On top of hitting the weights hard, bodybuilders have the additional stress of performing well under strict dietary rules. Those last 8-12 weeks out from a show can be a complete NIGHTMARE because we are expected to still give 100% of our efforts on reduced caloric intakes . . . NOT FUN!
If you really want to determine whether or not bodybuilding/figure/fitness/physique is a sport, though, sign up for a show and try it out 🙂 No better way to make an informed decision than by actually testing the waters 🙂
I was curious about the definition of the word ‘sport’ and found the following entry in Wikipedia:
“Sport is all forms of physical activity which, through casual or organised participation, aim to use, maintain or improve physical fitness and provide entertainment to participants. Sport may be competitive, where a winner or winners can be identified by objective means, and may require a degree of skill, especially at higher levels. Hundreds of sports exist, including those for a single participant, through to those with hundreds of simultaneous participants, either in teams or competing as individuals. Some non-physical activities, such as board games and card games are sometimes referred to as sports, but a sport is generally recognised as being based in physical athleticism.”

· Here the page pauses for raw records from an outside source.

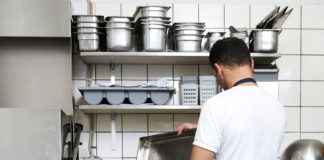 SE REQUIERE ASISTENTE DE LIMPIEZA/COCINA PROACTIVO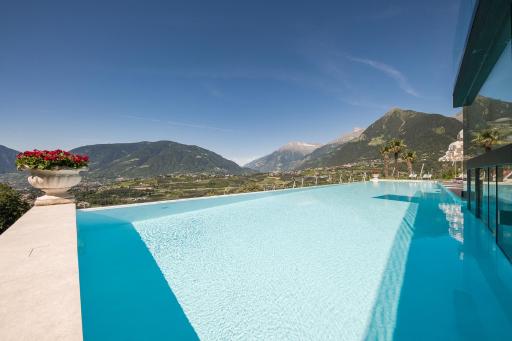 Hotel Tyrol - Housity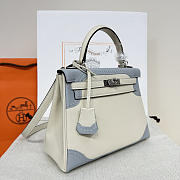 Colestore Hermes Ghillies Kelly 25 in Swift Leather Cream & Baby Blue - 5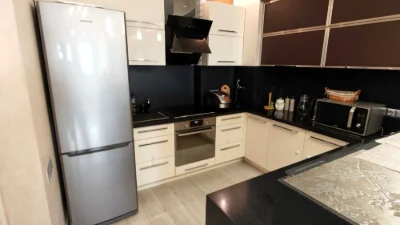 Sale of a 3-room apartment on Mykola Mikhnovsky Boulevard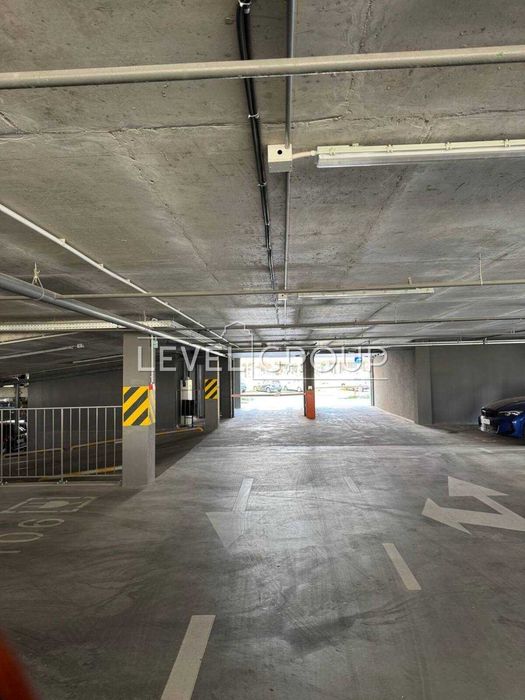 Продаж критого паркомісця В ЖК Варшавський, вул. О.Олеся 25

But even beyond that definition, I would have answered ‘yes’ to Michael’s question.
Yes – you train and you compete.
BUT, it is very important for the general public to remember that if you don’t intend to cover themselves in baby oil and pose in a speedo on stage, that bodybuilding (bicep curls, and other isolation moves) training isn’t going to be very useful… if you water down the 15-20 hours per week that it takes to compete to 2 or 3 hours per week, a chest and tricep day doesn’t work.